A desire to keep learning, combined with a commitment to embrace flux, propels Cathy Yuncken, General Manager of Business Banking for the St.George Group, into the increasingly digital future.

Cathy Yuncken, General Manager of Business Banking for the St.George Group, emerged as “a wide-eyed baby banker” during a thrilling time in Australian banking. “It was the late 1980s,” she tells The CEO Magazine, “and deregulation had seen the Aussie dollar floated and a wave of foreign banks coming into the market, as stock markets, and then property markets, boomed – before they went bust. I had a crash course in banking and financial markets.”

After spending the first half of her 30-year career “basically learning to be a banker”, Cathy has since progressed through a range of leadership roles, and these days she oversees a division of the Westpac Group incorporating St.George Bank, Bank SA, and Bank of Melbourne. The three brands are “very different, operating in different geographic markets with very different histories and cultures and in very different competitive positions”.

Cathy Yuncken, General Manager of Business Banking, St.George Group
Cathy Yuncken, General Manager of Business Banking, St.George Group

Facing an increasingly digital world

Suffice to say, hers is an incredibly dynamic role. It is one, too, in which Cathy is constantly taking the opportunity to learn, and she uses her knowledge of historical market conditions “to inform my leadership within the current market context”, welcoming the constant flux in the banking industry. “I love the perpetual contest of business – the race is never run,” she says, and she is making sure the Group is in a position to welcome the challenges presented by an “increasingly digital world”.

In particular, she sees an “absolutely fascinating” challenge arising from “the intersection of the human element of banking and the digital opportunities afforded to the industry”. It can be summarised as a test of how well the industry can “manage the human and the digital mix”. “This comes down to our customers’ needs, preferences and expectations, which are changing rapidly because we’re in an era of increasing real-time responsiveness and one marked by a need for immediate gratification,” she adds.

Going into further detail, she explains that across the spectrum of small businesses to the Group’s largest business clients there “is an expectation for their simple needs to be serviced online – quickly and easily”. For a banking organisation, this is a “huge opportunity to innovate”, and translates to significant investment in new and legacy systems. “This is a major challenge for the industry, particularly when we consider that these same customers still want relationships to service their more complex, unique needs. They want to feel like they are special, and that’s where the human element – their banker – comes in.”
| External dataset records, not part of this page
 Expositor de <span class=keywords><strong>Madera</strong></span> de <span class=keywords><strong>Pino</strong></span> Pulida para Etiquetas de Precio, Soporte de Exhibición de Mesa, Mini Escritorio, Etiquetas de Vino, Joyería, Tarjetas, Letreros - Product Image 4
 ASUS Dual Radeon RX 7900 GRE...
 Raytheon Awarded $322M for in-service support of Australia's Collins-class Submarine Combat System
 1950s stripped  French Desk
What happens next involves determining the optimal blend of these elements. For Cathy, this is much more exhilarating than it is daunting. “Our customer relationships, still fundamentally about supporting entrepreneurship and risk-taking, are now a synthesis of the human and the digital. Managing the mix is paramount.”
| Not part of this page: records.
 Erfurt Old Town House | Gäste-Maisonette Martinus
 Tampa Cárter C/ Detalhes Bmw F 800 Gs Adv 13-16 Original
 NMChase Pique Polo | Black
“Our customer relationships are now a synthesis of the human and the digital. Managing the mix is paramount.”

Cathy’s fundamental leadership priorities and inspirations

Cathy recognises that, in aid of the Group’s support of Australian entrepreneurship and business, a strong internal culture is vital. One of her leadership priorities, culture, as she sees it, is about three fundamental things: “Messages that you communicate from your position of leadership; the cultural expectations that I set for my leadership team, who are themselves leading large teams of people; and role-modelling.”
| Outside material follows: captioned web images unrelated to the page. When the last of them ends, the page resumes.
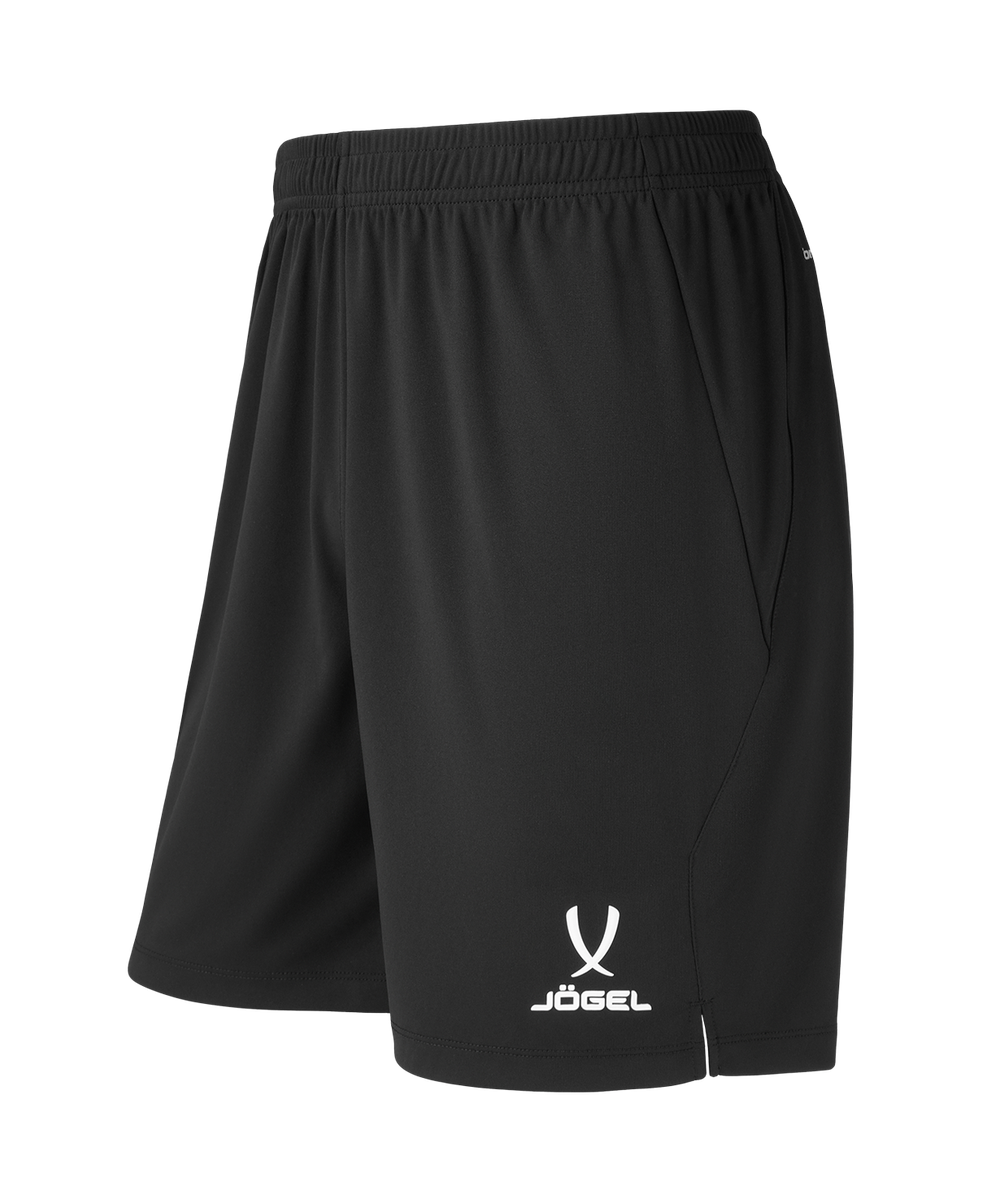 Шорты тренировочные без карманов JÖGEL PREMIER PerFormDRY Training Shorts, черный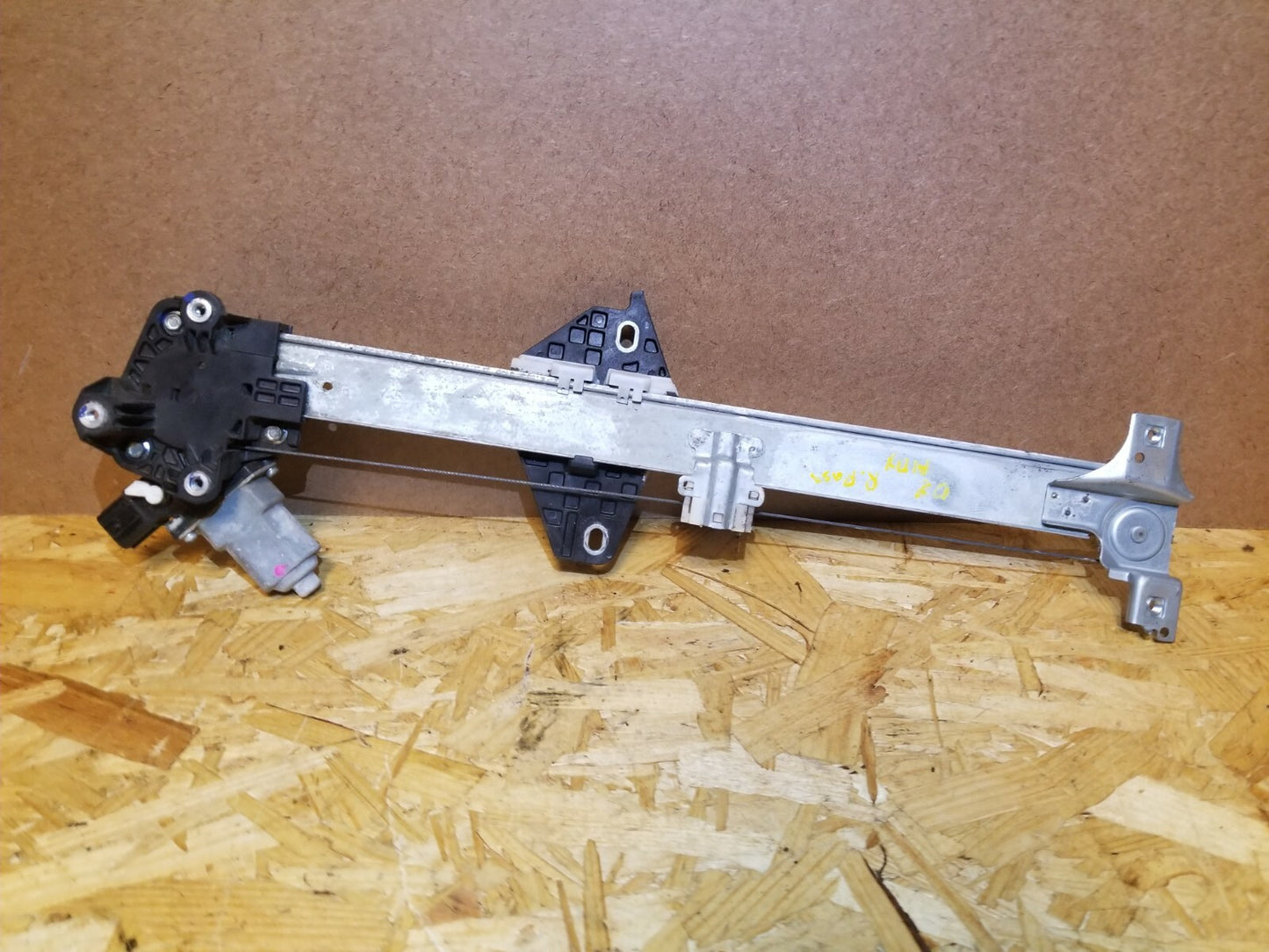 2008 Acura Mdx Window Regulator Motor Rear Passenger Side Right OEM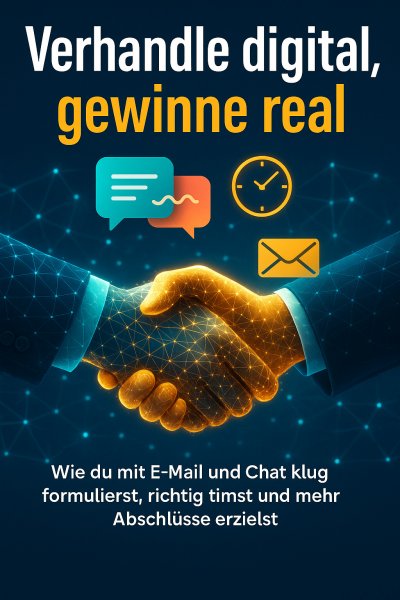 'Cover von Verhandle digital, gewinne real'-Cover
She communicates the importance of the attitude that employees bring to their roles, and is acutely aware that actions will always speak louder than words. Cathy’s proclivity to continually seek learning opportunities is surely an action observed and emulated by many of the Group’s employees, and she makes a point of mentoring promising young individuals, seeing the mentor/mentee relationship as a two-way street.

“I’m learning a lot from younger women,” she says, “about how they think about operating in the digital world. They are a different generation, with digital natures; they want to learn from me and my experience, but at the same time I can learn so much from them, their ideas, and the way they think.” She’s had a digital mentor herself for the past three years, and has been building up the skills that will allow her to meet the challenges of a digital future head-on.

“I’m learning a lot from younger women about how they think about operating in the digital world.”

Future

Cathy shows no signs of trepidation about what the future holds for the St.George Group, and is confident that its three brands will respond to change in a way that will allow them to maintain a strong market position. “Our organisation is a system operating within a financial system, operating within a broader economic system, and because there’s so much change going on in all of that, every decision we make will have an impact that we need to think through. That constant evolution is part of what creates the challenge, but it also provides the opportunity for us to problem-solve for our clients and create value for them,” she says.